Task requirements - Omit all pictures. Quote the lines from the one with "2 pièces bébé" through the end of the listing below, exactly as they appear.

Listed entries -

++++

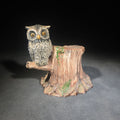 Lot 102 - Vintage Figural Clay Owl on Tree Stump Coin Bank with "Be Wise Be Save" Inscription, Handmade by Sutton, 4-5/8" H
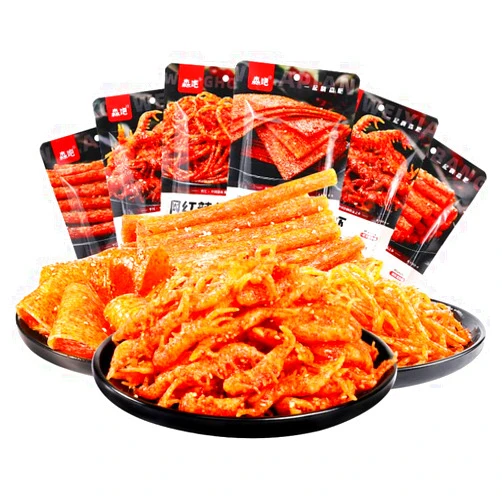 Wa sai luo Spicy Strip Small Gluten ，Handmade Spicy Strips,Sweet Spicy Flavor ，Chinese Spicy Snack ，Traditional Gluten，Hunan spicy noodles,Latiao (Spicy Spicy Stick,5 bag)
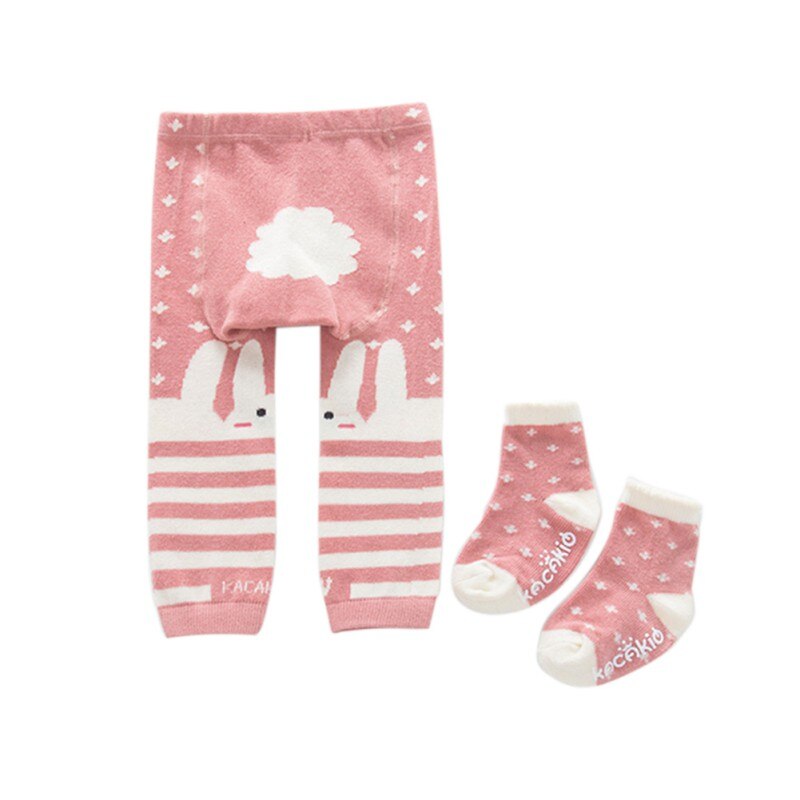 2 pièces bébé filles garçons Leggings belle solide Catoon coton filles collants enfants bébé filles pantacourt chaussettes ensembles offre spéciale: P / 0-2T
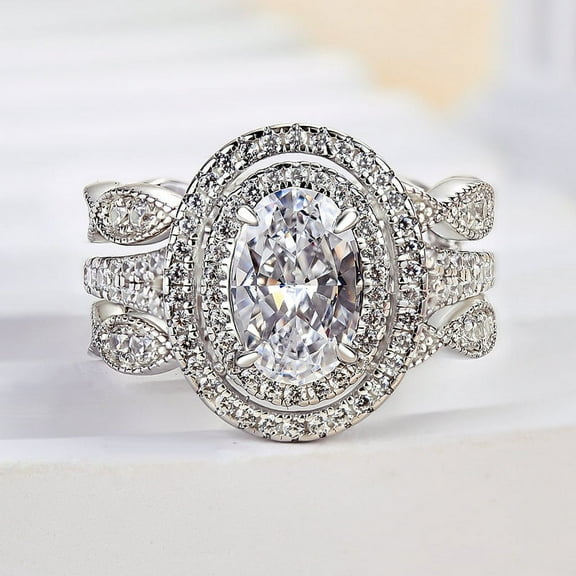 Eloya Jewel 14K White Gold Plated 2 Ct Oval Cut Diamond Engagement Ring - Three-Piece Wedding Set with Double Halo - A Beautiful Tribute to Lifelong Love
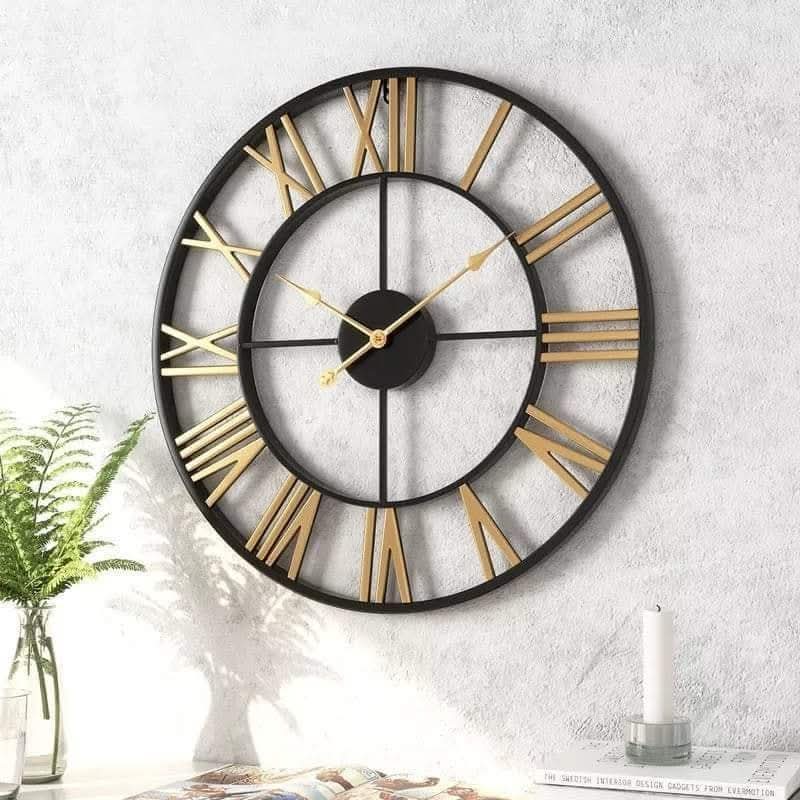 Modern Metal Wall Clock - Gold, Black, or Black/Gold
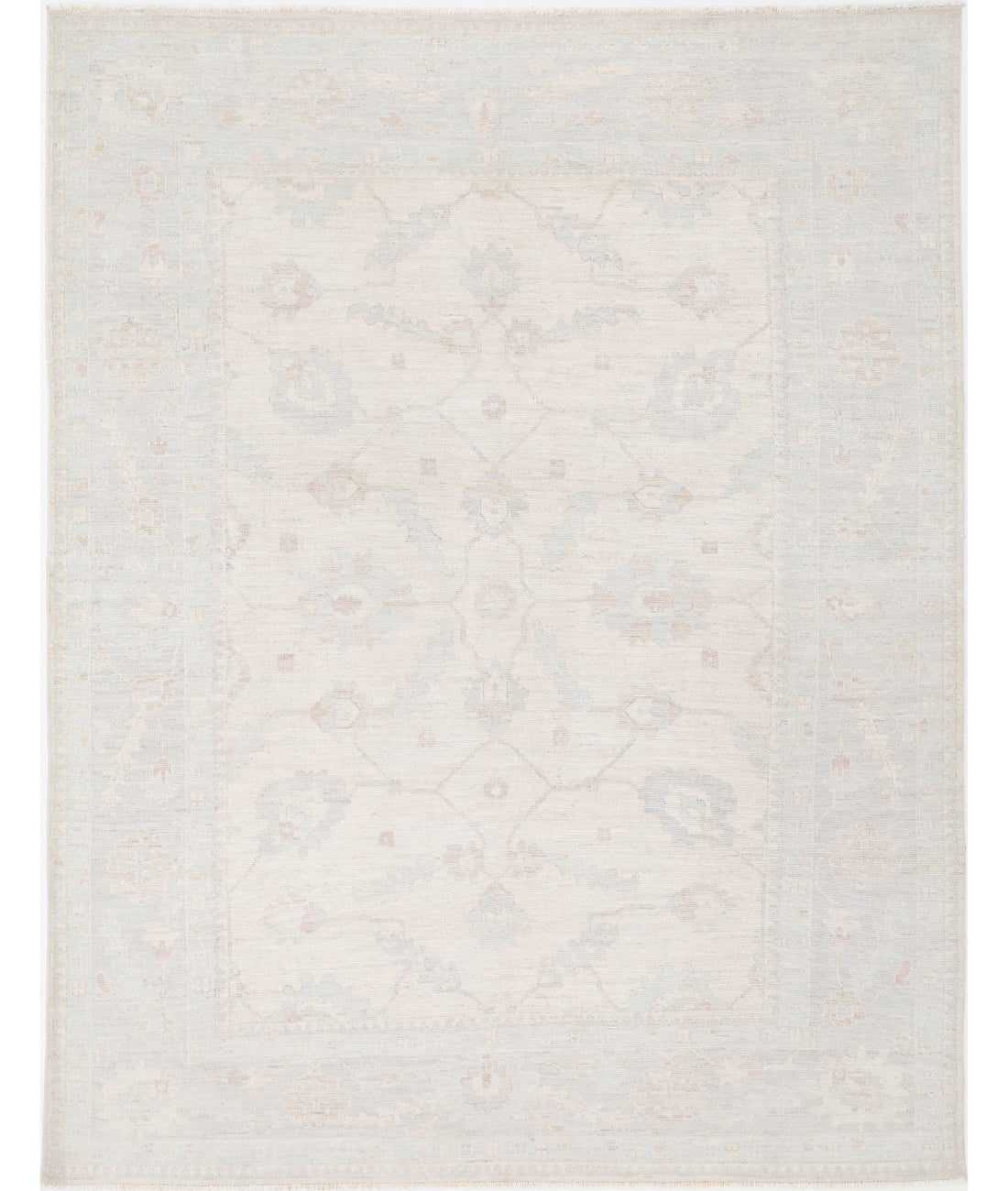 Hand Knotted Oushak Wool Rug - 9&#39;1&#39;&#39; x 11&#39;11&#39;&#39; 9&#39; 1&quot; X 11&#39; 11&quot; (277 X 363) / Ivory / Grey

++++

Completed task -
 2 pièces bébé filles garçons Leggings belle solide Catoon coton filles collants enfants bébé filles pantacourt chaussettes ensembles offre spéciale: P / 0-2T
 Eloya Jewel 14K White Gold Plated 2 Ct Oval Cut Diamond Engagement Ring - Three-Piece Wedding Set with Double Halo - A Beautiful Tribute to Lifelong Love
 Modern Metal Wall Clock - Gold, Black, or Black/Gold
 Hand Knotted Oushak Wool Rug - 9&#39;1&#39;&#39; x 11&#39;11&#39;&#39; 9&#39; 1&quot; X 11&#39; 11&quot; (277 X 363) / Ivory / Grey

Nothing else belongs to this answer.